The IDK markup goal is to have both of the two worlds, a markup which balance towards a plain text format and towards data representation.
Being someone which write up eveything I found interesting on my smartphone, computer or paper. I have a very need to be able to make a search for specific ones when I am working or reading on a subject. Sometimes this is directly written by myself but sometimes it come from a source I am reading. In this case I need an untrusive way to quickly pick the text and move on in order to avoid cutting the reading flow as possible.

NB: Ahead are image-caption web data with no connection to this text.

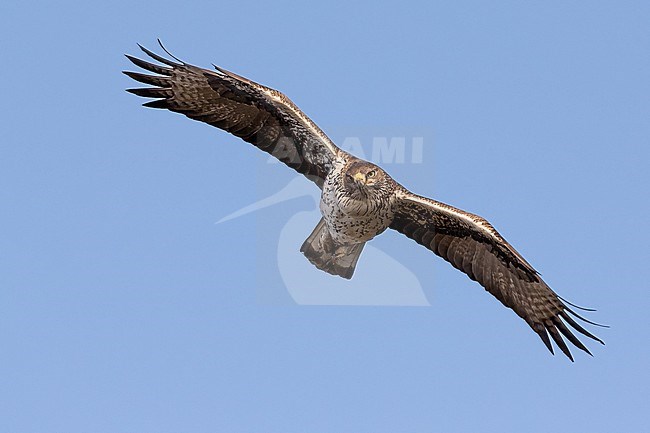 Bonelli's Eagle adult male in flight  showing full crop, brest and underwings stock-image by Agami/Onno Wildschut,
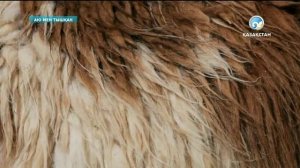 Аю мен тышқан 27 11 2013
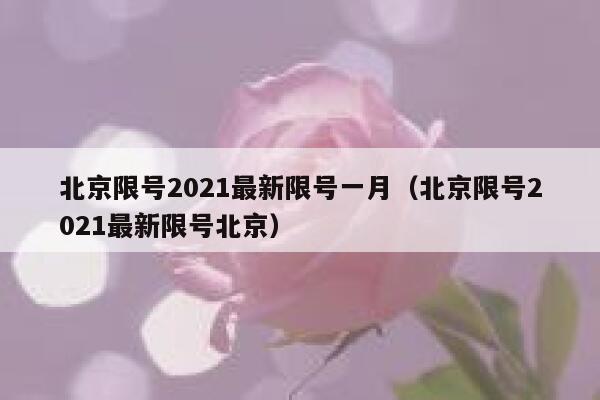 北京限号2021最新限号一月（北京限号2021最新限号北京） 第1张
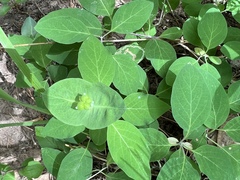 Lonicera arizonica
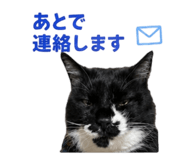 845481355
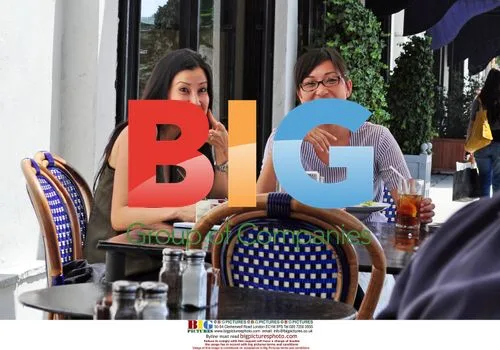 Lisa Ling Enjoys Lunch, Accident Happens
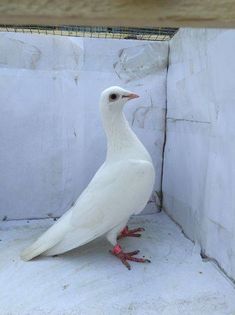 UA08F-70 lei-vandut-Tarhoaca C.-Ianca Br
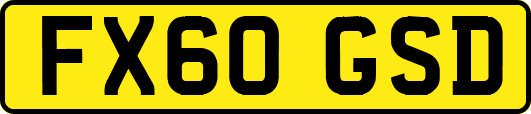 FX60GSD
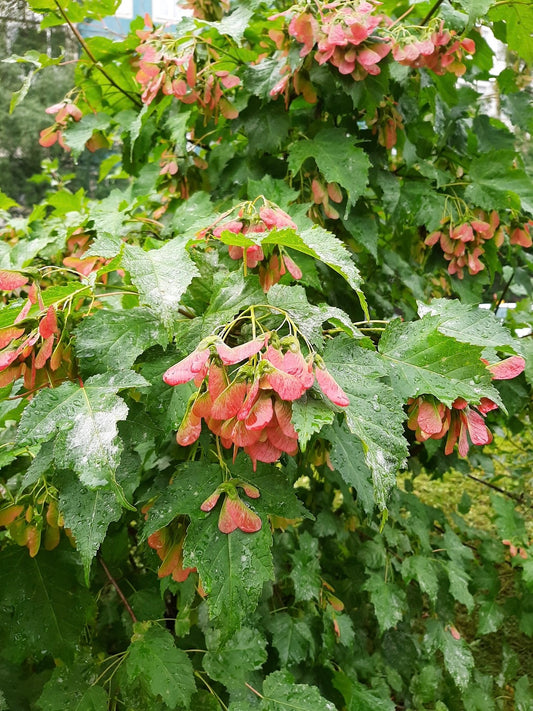 Quart - Acer tataricum 'Hot Wings Tatarian'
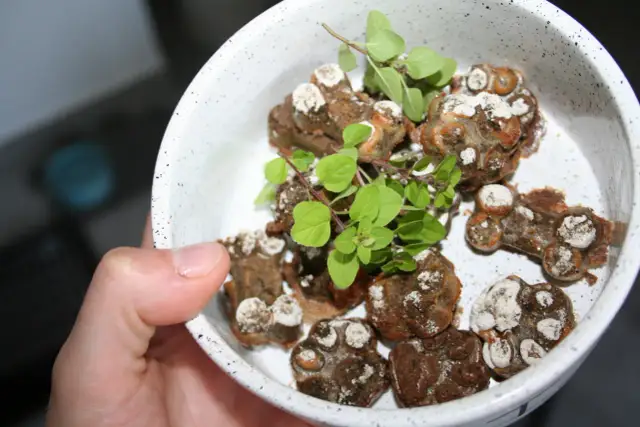 Ile gotować wątróbkę dla psa, aby była zdrowa i smaczna?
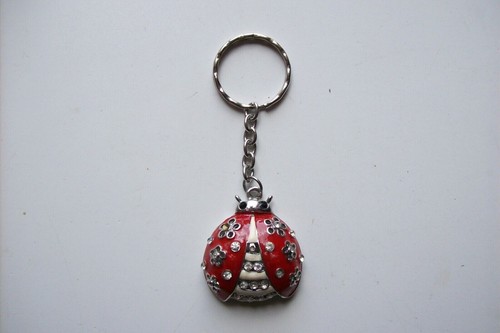 Porte clé coccinelle - porte,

Text extraction software are clunky or slow or both
Numeric book data extraction:
All of them does not support text highlighting properly: clunky selection, data extraction not well designed or they completely lack it. For example Microsoft Edge drop them recently. The reason why they fail to provide these features is because these software are for different use than that, which made me think that a specialized one is needed (but not present in the market).
Note taking:
They use a subset of Markdown, which is a great markup to specify semantic to a text. But it lack some features I would want.
It is not as readable as it could be for my taste, because they provide visuals and user experience on top it is ok to use it for that, but Markdown is a very bad markup for data representation They go around that by leveraging the software but it still means that all the software is built around it, which make it hard to implement innovative features.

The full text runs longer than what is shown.